FOOD SCIENCE ›› 2012, Vol. 33 ›› Issue (7): 114-117.doi: 10.7506/spkx1002-6630-201207025

• Basic Research • Previous Articles     Next Articles

Effect of Hydrocolloids on the Stability of Wax Corn Juice

LIN Mei-juan1,2,3,SONG Jiang-feng1,3,LI Da-jing1,3,LIU Chun-quan1,3,*,JIN Bang-quan2   

  1. (1. Institute of Farm Product Processing, Jiangsu Academy of Agricultural Sciences, Nanjing 210014, China;2. Ginling College, Nanjing Normal University, Nanjing 210097, China;3. Engineering Research Center for Agricultural Products Processing, National Agricultural Science and Technology Innovation Center in East China, Nanjing 210014, China)
  • Online:2012-04-15 Published:2012-04-20

Abstract: In order to improve the stability of wax corn juice, the influence of various hydrocolloids on the stability coefficient, centrifugal sedimentation rate, relative viscosity and sensory quality of the corn juice were investigated. The electrostatic stability of wax corn juice system was also evaluated in this study.

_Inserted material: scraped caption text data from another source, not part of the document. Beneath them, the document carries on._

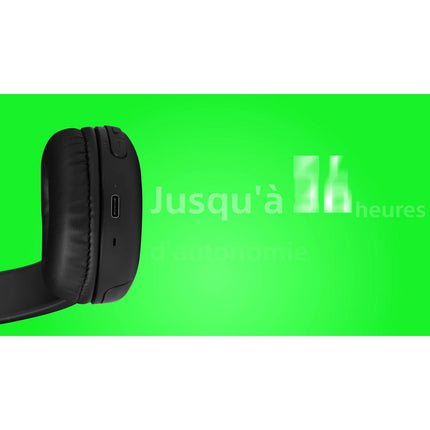 Casque SONY WH-CH510 Noir Reconditionné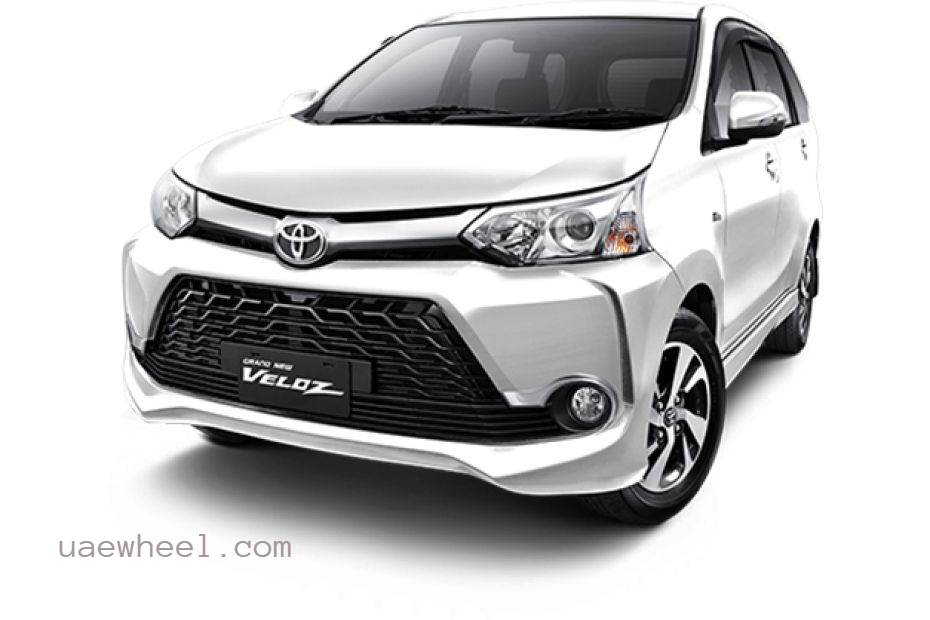 Toyota Veloz 2024 Price in UAE Images, Specs, Features, and more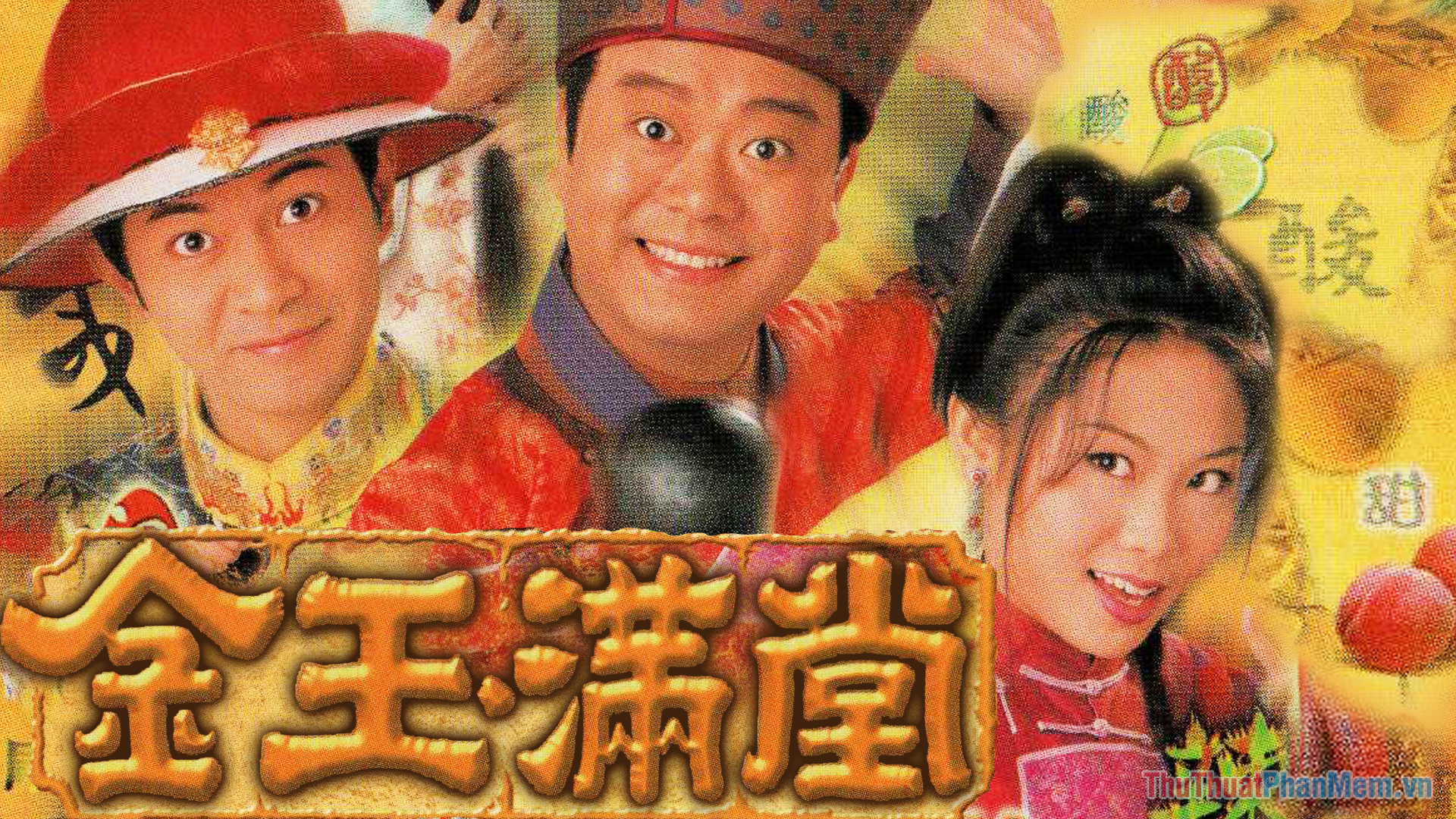 Happy Ever After (1999) – Kim Ngọc Mãn Đường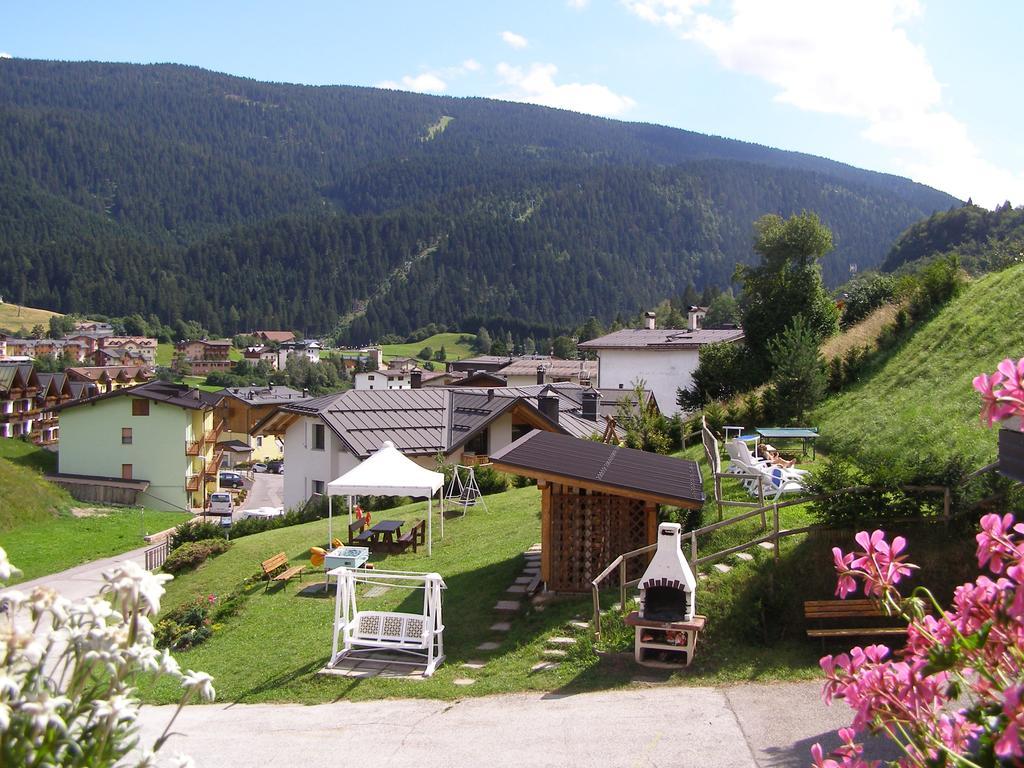 Appartamenti La Val Андало Екстер'єр фото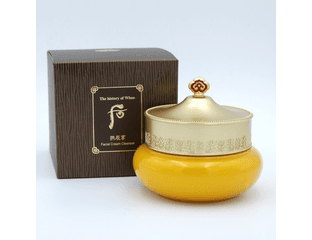 Премиальный очищающий крем для зрелой кожи The History of Whoo Gongjinhyang Facial Cream Cleanser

The results indicated that xanthan gum had emulsifying effects on corn juice and inhibited lipid droplet formation. Addition of sodium alginates, guar gum and sophora bean gum improved the stability of wax corn juice. The stability coefficient and relative viscosity of corn juice increased with the increase of their concentrations. When xanthan gum and sophora bean gum were together added at a ratio of 1:4, the juice had the highest stability.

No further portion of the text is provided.